Explaining why people moved in the 1930s United States

For two years, within the Institute of Behavioral Science at the University of Colorado, I worked with Dr. Myron Gutmann and Angela Cunningham on a digital history study of migration. This project was based on special access the Institute had to a restricted dataset: individual data for 131 million Americans recorded in the 1940 United States population census. In this census, every household was asked where they had lived five years prior in 1935. Of seventy-eight million adults twenty years or older in this dataset, approximately ten percent had moved to a new county since 1935.

In this project, we contextualized this individual dataset with a variety of county-level data to help explain why people moved. This county-level data included:

  1. County-level data from the Agricultural Censuses of 1930, 1935, and 1940.
  2. County-level demographic and economic data from the Population Censuses of 1930, 1935, and 1940
  3. Temperature and precipitation data aggregated to annual averages for every county, 1920-1940

The first question asked was: what factors caused people to move?

Why did people move?

My research partners conducted statistical regression analysis to identify which of our thousands of county-level variables was most correlated with the decision to move out of a county. Meanwhile, I constructed a series of county-level chloropleth maps to explore the spatial variation of these various factors. The map below, for example, plots the rate of emigration for each county in the United States, between 1935 and 1940. Laid over this map are outlines of the regions devastated by the wind and dust storms of the "Dust Bowl." The most interesting thing to note is that the Dust Bowl region - the focus of most research on environmental disaster and migration during the 1930s - forms just one small part of a much larger region experiencing high-outmigration during the period. As can be seen here, counties from the Texas-Mexico border to northeastern Montana saw high proportions of their residents move out, with many counties losing 20% or more of their residents in 1935.

The explanation for the wide-spread emigration became clear after examining climate maps. These maps showed that drought and high temperatures plagued all of the Plains states from Texas to Montana. Much earlier scholarship focused on the Dust Bowl region, whose experiences were widely publicized by journalists, photographers, and later authors. A larger, quantitative analysis - with the aid of digital mapping - makes evident the much wider extent of this environmental disaster.
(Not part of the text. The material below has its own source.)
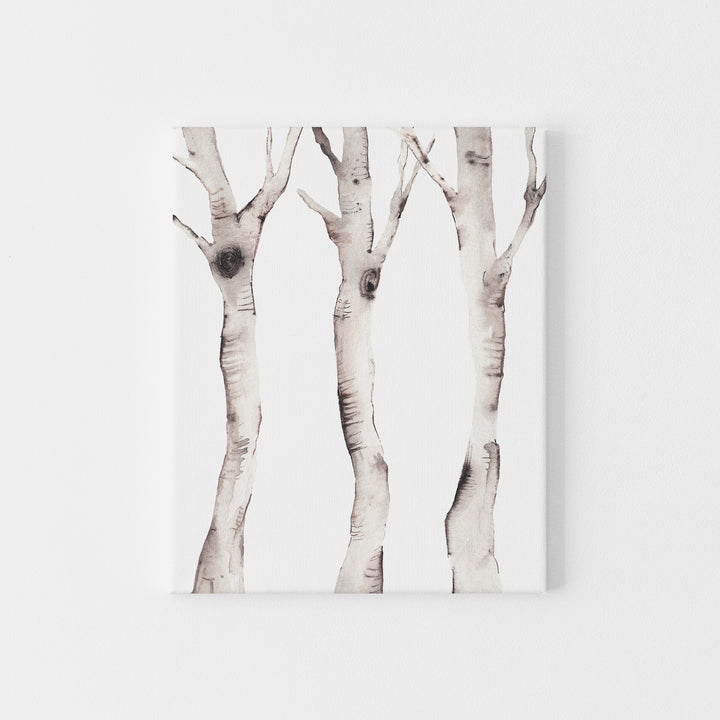 Watercolor Birch Tree Forest Wall Art Print or Canvas - Jetty Home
Why did people move where they did?

Next, we turned our attention to the question of why people moved where they did. In particular, we examined links between origin and destination locations by constructing a database of origin-destination pairs. Our previous analysis had relied on data for the approximately 3000 counties* in our project, computing the number of emigrants who left each county after 1935 and the number of immigrants who arrived before 1940. The origin-destination pairs dataset, however, compiled data for the number and demographics of all people who moved from County A to County Z, for example. Thus, each of the nearly 3000 counties* in our dataset had nearly 3000 potential pairs, meaning this dataset could potentially include nine million (3000 x 3000) observations. However, most lightly populated counties only saw migrants leave for a small handful of other counties, usually to neighboring rural counties or the nearest metropolitan area. In the end, this origin-destination pairs dataset ended up containing approximately 600,000 pairs.

Top metropolitan destinations

The map above plots the most frequent metropolitan destinations for emigrants leaving each non-metropolitan county. The majority of counties "sent" most of their emigrants to nearby metropolitan areas with two exceptions. In the first, some major metropolitan areas pulled migrants from slightly further away. These are places like Detroit, Chicago, and New York. The second exception is Los Angeles and southern California more generally. It was the top metropolitan destination for many rural counties in the Great Plains.